Tidak sah orang yang melaksanakan shalat ashar, sedang dia masih berada dalam waktu shalat dzuhur. Atau melaksanakan shalat maghrib sedang matahari belum juga terbenam. Begitu seterusnya.

  1. Mengetahui fardhunya shalat

Penting untuk dipelajari, bahwa dalam shalat ada fardhu-fardhu yang harus dikerjakan. Jika ada fardhu yang tidak dikerjakan maka tidak akan sah shalatnya. Sehingga mengetahui fardhunya shalat juga menjadi syarat sahnya shalat. Sebab secara nalar kita, bagaimana bisa dia melaksanakan shalat sedang fardhunya saja tidak tahu.

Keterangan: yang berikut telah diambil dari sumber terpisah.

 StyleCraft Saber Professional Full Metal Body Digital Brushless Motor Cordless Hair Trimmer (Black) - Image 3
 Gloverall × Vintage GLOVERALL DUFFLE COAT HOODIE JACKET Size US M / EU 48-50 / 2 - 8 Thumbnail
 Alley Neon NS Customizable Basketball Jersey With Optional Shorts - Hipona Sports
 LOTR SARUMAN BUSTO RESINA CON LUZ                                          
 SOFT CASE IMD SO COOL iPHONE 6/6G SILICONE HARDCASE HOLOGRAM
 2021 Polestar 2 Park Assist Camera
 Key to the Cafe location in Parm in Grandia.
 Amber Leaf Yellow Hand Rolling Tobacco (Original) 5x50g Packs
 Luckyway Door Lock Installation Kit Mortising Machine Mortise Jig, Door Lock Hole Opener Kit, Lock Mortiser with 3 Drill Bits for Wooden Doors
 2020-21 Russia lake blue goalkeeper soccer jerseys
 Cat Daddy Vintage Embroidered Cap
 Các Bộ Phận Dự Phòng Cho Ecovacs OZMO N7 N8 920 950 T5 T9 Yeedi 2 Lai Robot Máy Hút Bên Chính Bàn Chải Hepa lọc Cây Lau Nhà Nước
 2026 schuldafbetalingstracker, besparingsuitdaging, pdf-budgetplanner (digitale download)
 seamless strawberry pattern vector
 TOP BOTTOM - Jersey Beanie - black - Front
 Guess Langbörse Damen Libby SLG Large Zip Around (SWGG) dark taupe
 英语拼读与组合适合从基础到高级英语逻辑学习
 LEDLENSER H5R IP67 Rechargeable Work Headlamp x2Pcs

  1. Tidak meyakini fardhu shalat sebagai sunnah

Yang ketujuh, setelah kita tahu fardhu-fardhunya shalat, maka wajib bagi kita untuk meyakininya sebagai fardhu dan wajib kita kerjakan. Tidak boleh untuk kita anggap sunnah sehingga kita bisa meninggalkannya atau tidak melaksanakannya.

Semua harus dikerjakan dan diyakini sesuai dengan pembagiannya masing-masing, yang sunnah tetap dikerjakan sebagai sunnah, dan yang fardhu harus dikerjakan dan diyakini sebagai fardhu.

  1. Meninggalkan perkara yang bisa membatalkan shalat

Yang terakhir atau yang kedelapan adalah meninggalkan perkara-perkara yang membatalkan shalat. Jelas tentunya jika shalat kita batal maka tidak sah lah shalat kita.